Other markets have much more collusion. When there are only three producers, collusion is inevitable. If one seller raises the price and still finds buyers, the other two will follow without any communication between them. The solution is doing whatever you can to not buy what they are selling. Demand moves markets, not supply. They are raising the price because people are paying it.

Also, better regulation from the FTC would help.

[–] FlyingSquid@lemmy.world 1 points 7 months ago

you should start a business selling eggs for $100 each.

Mike? Mike Nelson? Is that you?

"Eggs are complicated, they should cost like $100 each!"

https://www.youtube.com/watch?v=1G0stojwYjI

[–] NaibofTabr@infosec.pub 7 points 7 months ago (2 children)

The law of supply and demand is not real.

Um, so you don't think that when a commodity becomes more scarce that the demand for it increases as a consequence?

[–] GabrielBell12fi@lemmy.world 8 points 7 months ago (1 children)

There's also a thing called price gouging where companies fuck over the public because they know they can. And then they keep the prices artificially high even after supply increases two, three, four fold over demand. Because they know they can.

Not that I am suggesting corporations are corrupt and would let people starve just to make a profit. Heaven forfend.

[–] Chestnut@lemmy.world 3 points 7 months ago (1 children)

To be clear, price gouging is an example of supply and demand

Keeping prices high is an example of price fixing, not supply and demand. It requires companies colluding with each other because, otherwise, one company would just lower their prices to get more business and make more money

[–] GabrielBell12fi@lemmy.world 3 points 7 months ago

Raising your prices by a reasonable amount to meet extra costs is supply and demand.

Raising your prices by three, four, five or six times a reasonable amount is gouging and is not supply and demand. It's gouging and fucking over your customers, especially those who need your products.

[–] uis@lemm.ee 3 points 7 months ago (1 children)

Scarecety-induced demand is not law of supply and demand

[–] NaibofTabr@infosec.pub 1 points 7 months ago

Er, please explain your logic.

the law of supply and demand is only true in true capitalism. True capitalism doesn't exist because it doesn't work.

[–] flambonkscious@sh.itjust.works 0 points 7 months ago (1 children)

Hey I'd love to see the population stats, got a source?

[–] SadSadSatellite@lemmy.dbzer0.com 1 points 7 months ago

I searched egg laying hen population by year. The end of 2022, after the culling, it was 377 million.

Based on the article another comment had, the 80 mil was total birds killed, not just egg hens, so it was likely actually less than the 17% I estimated.

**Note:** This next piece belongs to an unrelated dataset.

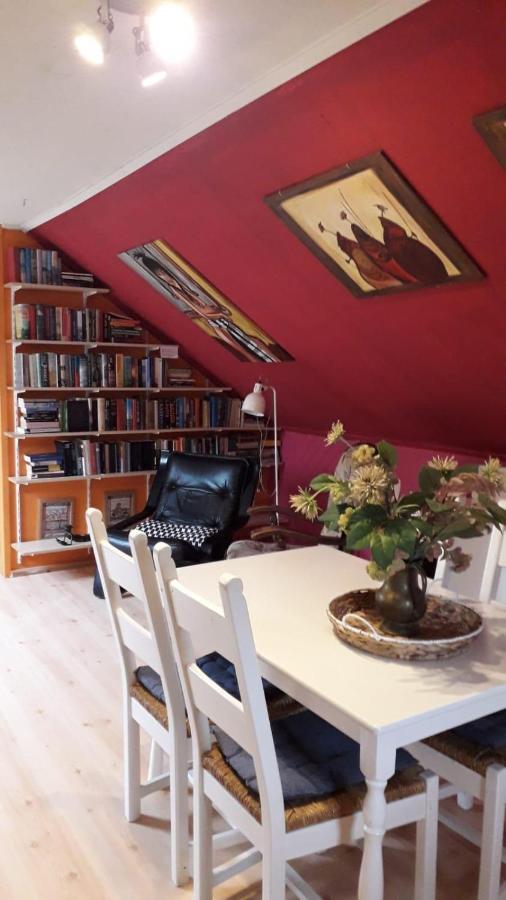 Royale Bovenwoning Villa Vlake Bagian luar foto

[–] NaibofTabr@infosec.pub 10 points 7 months ago* (last edited 7 months ago) (1 children)

This is very relevant.

Weber’s company, Sunrise Farms, had to slaughter its entire flock of egg-laying hens — 550,000 birds — to prevent the disease from infecting other farms in Sonoma County

During the past two months, nearly a dozen commercial farms have had to destroy more than 1 million birds to control the outbreak (as of 27 Jan 24)

the current outbreak of the virus that began in early 2022 has prompted officials to slaughter nearly 82 million birds, mostly egg-laying chickens, in 47 U.S. states

In California, the outbreak has impacted more than 7 million chickens in about 40 commercial flocks and 24 backyard flocks

https://apnews.com/article/avian-flu-chicken-outbreak-california-poultry-eggs-976f0f82843bf716dbad64f459b4b8be

Also, shit: https://www.texastribune.org/2024/04/01/texas-cows-bird-flu-human-infection/

[–] wintermute_oregon@lemm.ee 2 points 7 months ago (2 children)

The numbers are insane. Over a million chickens

[–] brbposting@sh.itjust.works 3 points 7 months ago (1 children)

Some (at least) were killed brutally. Gassed in the hen houses, panicking as they died, trying to peck their way out. Poor birds.

[–] An_Ugly_Bastard@lemmy.world 1 points 7 months ago

I don’t advise you to look up what they do when they find out a chick is a male.

[–] NaibofTabr@infosec.pub 2 points 7 months ago

That's just in Sonoma County, between Dec '23 and Jan '24.